I have a collection that is potentially going to be very large. Now I know MongoDB doesn’t really have a problem with this, but I don’t really know how to go about designing a schema that can handle a very large dataset comfortably. So I’m going to give an outline of the problem.
We are collecting large amounts of data for our customers. Basically, when we gather this data it is represented as a 3-tuple, lets say (a, b, c), where b and c are members of sets B and C respectively. In this particular case we know that the B and C sets will not grow very much over time. For our current customers we are talking about ~200,000 members. However, the A set is the one that keeps growing over time. Currently we are at about ~2,000,000 members per customer, but this is going to grow (possibly rapidly.) Also, there are 1->n relations between b->a and c->a.
The workload on this data set is basically split up into 3 use cases. The collections will be periodically updated, where A will get the most writes, and B and C will get some, but not many. The second use case is random access into B, then aggregating over some number of documents in C that pertain to b \in B. And the last usecase is basically streaming a large subset from A and B to generate some new data.
The problem that we are facing is that the indexes are getting quite big. Currently we have a test setup with about 8 small customers, the total dataset is about 15GB in size at the moment, and indexes are running at about 3GB to 4GB. The problem here is that we don’t really have any hot zones in our dataset. It’s basically going to get an evenly distributed load amongst all documents.
Basically we’ve come up with 2 options to do this.
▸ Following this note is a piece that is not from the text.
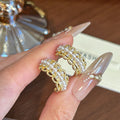 Gold and Silver Pearl Look C Shape Huggie Stud Earrings view 6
The one that I described above, where all data for all customers is piled into one collection. This means we’d have to create an index om some field that links the documents in that collection to a particular customer.
The other options is to throw all b’s and c’s together (these sets are relatively small) but divide up the C collection, one per customer. I can imangine this last solution being a bit harder to manage, but since we rarely access data for multiple customers at the same time, it would prevent memory problems. MongoDB would be able to load the customers index into memory and just run from there.
What are your thoughts on this?
P.S.: I hope this wasn’t too vague, if anything is unclear I’ll go into some more details.
It sounds like the larger set (A if I followed along correctly), could reasonably be put into its own database. I say database rather than collection, because now that 2.2 is released you would want to minimize lock contention between the busier database and the others, and to do that a separate database would be best (2.2 introduced database level locking). That is looking at this from a single replica set model, of course.
Also the index sizes sound a bit out of proportion to your data size – are you sure they are all necessary? Pruning unneeded indexes, combining and using compound indexes may well significantly reduce the pain you are hitting in terms of index growth (it would potentially make updates and inserts more efficient too). This really does need specifics and probably belongs in another question, or possibly a thread in the mongodb-user group so multiple eyes can take a look and make suggestions.
If we look at it with the possibility of sharding thrown in, then the truly important piece is to pick a shard key that allows you to make sure locality is preserved on the shards for the pieces you will frequently need to access together. That would lend itself more toward a single sharded collection (preserving locality across multiple related sharded collections is going to be very tricky unless you manually split and balance the chunks in some way). Sharding gives you the ability to scale out horizontally as your indexes hit the single instance limit etc. but it is going to make the shard key decision very important.
Again, specifics for picking that shard key are beyond the scope of this more general discussion, similar to the potential index review I mentioned above.